5. Hard-resets that turn off the power for the complete system when some external component has hung-up. This is done by dedicated hardware from an OS-driver.

[rdos]

The ACPI reset vector is, guess what, an I/O port or memory write! You query ACPI for it at system startup and note it down.

That is correct. You could hardcode it into the RESET-code segment, and then it would be safe to use. However, the current release we deploy does not have the ACPI-driver loaded, and so knows nothing about ACPI reset. But I might very well build this into future releases.

Edit: Writing to a physical memory address is more problematic though. It assumes you setup a virtual memory address at boot-time that points to the reset-memory address, and then record the virtual address. I suppose that would also be relatively safe if done like that.

However, you touch my nonexistent keyboard controller and you'll suddenly find that your code is no longer executing; indeed, you'll find yourself completely hung. After all, my machine doesn't have a keyboard controller, nor does it claim to, so if you don't note down whether ACPI said there was an 8042 or not you'll bork my machine.

That seems like a fatal design-flaw. Code should not hang because it touches unknown IO-addresses!

[Owen]

However, you touch my nonexistent keyboard controller and you'll suddenly find that your code is no longer executing; indeed, you'll find yourself completely hung. After all, my machine doesn't have a keyboard controller, nor does it claim to, so if you don't note down whether ACPI said there was an 8042 or not you'll bork my machine.

That seems like a fatal design-flaw. Code should not hang because it touches unknown IO-addresses!

You touch the I/O address, the ICH captures that write and prods the ACPI embedded controller, and the embedded controller does who-knows-what because it wasn't programmed to respond to that address because this is a legacy free machine. What doesn't happen is the embedded controller signaling the completion of the IO transaction, and so that core is hung, forever. Also the embedded controller's IO port interface is now locked up so the next time another core tries to interact with the embedded controller, that hangs.

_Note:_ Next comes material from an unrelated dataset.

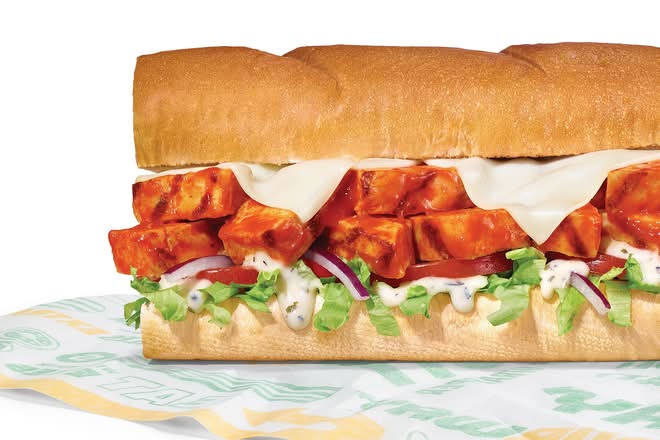 Buffalo Chicken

This is all speculation, of course, but the situation remains: You're interacting with the embedded controller in ways it was never expecting to be interacted with.

And that the machine hangs is, at the end of the day, fine, because you shouldn't be touching random IO addresses anyway (Note that it is well within the rights of the system's ACPI tables to tell you that there is no ISA legacy hardware whatsoever! I expect to see that bit being set more and more often in the coming years)

[rdos]

You touch the I/O address, the ICH captures that write and prods the ACPI embedded controller, and the embedded controller does who-knows-what because it wasn't programmed to respond to that address because this is a legacy free machine. What doesn't happen is the embedded controller signaling the completion of the IO transaction, and so that core is hung, forever. Also the embedded controller's IO port interface is now locked up so the next time another core tries to interact with the embedded controller, that hangs.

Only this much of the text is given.